There will be a lot of speculation in the city about whether the chances for a new purpose-built mid-sized theatre would have been improved had the council not first committed so much of its new funding to the roofed stadium and the very substantial redevelopment of the town hall and Glenroy.
Some might even argue that the rejection of proposals for a new mid-size theatre is not rational but the outcome of a combination of effective lobbying and a fear of electoral backlash - "cold feet", in fact.
The present and earlier councils have deferred making such a commitment faced, as they have been, with the many difficult factors it presents.
Cost has certainly been one of these, although not necessarily the critical one.
As a council report earlier observed: "Most existing venues are too small, too big, too expensive or have multiple uses", so councillors probably have foremost in their minds the likely impact on the viability of existing ratepayer-owned or supported theatres if a new facility was built.
There was some support for this latter contention in the latest consultant's report, which suggested there was insufficient tangible evidence the city was missing out on shows that would be attracted if a new theatre was built.
The implication was obvious: a new theatre would risk the viability of the existing venues.
Nor can it be overlooked that the council has approved an expensive refurbishment of the town hall and Glenroy - after thorough public debate - as well as the less well-publicised, let alone debated, $4.7 million work on the Regent Theatre for the Otago Theatre Trust.
Having rejected a new theatre as being not justified, the consultants considered needs could be met by modifying existing theatres to achieve the technical and performance requirements of promoters, performers and audiences.
These include, in the Regent, the provision of alternative seating configurations to reduce capacity for shows too large for the Mayfair Theatre.

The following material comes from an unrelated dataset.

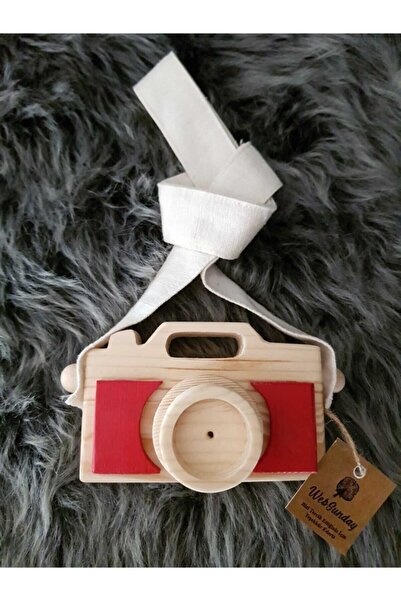 websunday كاميرا ألعاب طبيعية كلاسيكية، هدية مصنوعة يدويًا للأطفال الصغار - أحمر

The consultants estimated costs for meeting its recommendation could amount to more than $14 million.
This relatively small sum will gladden the hearts of councillors already frightened by the council's debt load when estimates for a new theatre range upwards to $35 million and probably beyond.
But the recommendation and acceptance of refurbishment of existing venues is a decision that will make the provision of a new theatre - an inevitability - something a future council will again have to consider.
Refurbishing existing venues, especially the Regent and Mayfair and probably the Fortune, also means the certainty of continuous demand for both capital and maintenance funding on old buildings which will continue to deteriorate over time.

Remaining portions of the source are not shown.